おとといは麺と一緒に茹でたホウレンソウを、にんにくオイルで軽く炒めたパスタとともに、体の畑に散布しました。そこに釜ゆでシラスをのせて、いちめんにパルミジャーノ・レジャーノを振りかけました。畑の畝に、雪が降り積もるようにたっぷりと。

自分の体という畑は、わたしたちにとって、最も近い〈外〉であるどころか、直接手を加え、つまりは〈内〉在的に耕すことができる唯一の〈外〉なのではないでしょうか。

さきおとといは、豚肉の代わりに厚揚げを使ったゴーヤチャンプルー*1を、大根おろしを添えたイワシのフライパン焼き*2とともに体の畑に散布すると、豆腐、ゴーヤ、卵、カツオ節、イワシ、大根と、普通名詞で並べただけでも複雑過ぎて、そこでなにが起きているのか、すべてを把握することはできない無数の出来事が〈外〉の〈内〉で起きているはず。栄養素なんて所詮、普通名詞です。いやどんな固有名詞も、普通名詞の中にあります。そこに「固有」を見るも見ないも、わたしたちの思惟次第なのですから。自然数みたいなものです。自然がその通りのものであるとは思ってはならない。あくまでもわたしたちの理解を助けるためのものです。

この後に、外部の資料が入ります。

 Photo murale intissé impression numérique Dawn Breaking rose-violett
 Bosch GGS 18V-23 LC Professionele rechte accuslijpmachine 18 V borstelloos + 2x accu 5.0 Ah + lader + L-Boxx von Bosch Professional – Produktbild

わたしたちの体という〈外〉の〈内〉では*3まだ発見されていないものも含めたたくさんの細菌やウィルスが棲息しています。言うなら、わたしたちの体は苗床なのです。たくさんの生き物がそこで暮らしています。空き地みたいなものです。草がぼうぼうに生えているのです。ヤゴやタニシが棲息している川床の石の上に苔がびっしりと生えた沼地みたいなものなのです。

これからわたしは、畑のような感覚で、他人の体のことを考えてみようと思っています。それはおそらく〈演出〉と呼ばれる行為をする者の感覚のことです。なにが起きるかわからないという意味では、他人の体も自分の体も同じことです。この〈同じ〉は実に爽快で、孤独よりも絶望的な気分をわたしたちに与えてくれます。孤独は他人の体という畑のような感覚で。

きのうは半月切りにした茄子に、塩揉みするように醤油をかけて、少し置いてから絞った琥珀色の汁ごとご飯に載せて、大葉を刻んだのと貝割れ大根の粗みじんを振りかけてイワシの代わりにサンマを使っただんご汁と一緒に体の畑に肥料を与えました。ベランダの朝顔は、まだ花を咲かせています。ツルの先端を切っても脇からまたツルが出てきて、次々花を咲かせて昼には萎んで落ちているのです。彼女の脇から流れ出ているのは、きっと体の畑なのです。……神里雄大の演劇のトーク・イベントにふたたび、いや、みたび呼ばれて、なにを話そうかと考えていると、ふとこんなことを書いていました、考えていました。

→岡崎藝術座 『古いクーラー』@シアターグリーン BIG TREE THEATER (池袋) 2010年11月19日→11月28日 http://okazaki.nobody.jp/old-airconditioner/

*1:植松良枝・著『畑のそばでうまれたレシピ 温かい野菜料理』より

*2:高山なおみ・著『おかずとご飯の本』より

*3:この場所なき場所、運動を「内在平面」とジル・ドゥルーズは名づけました。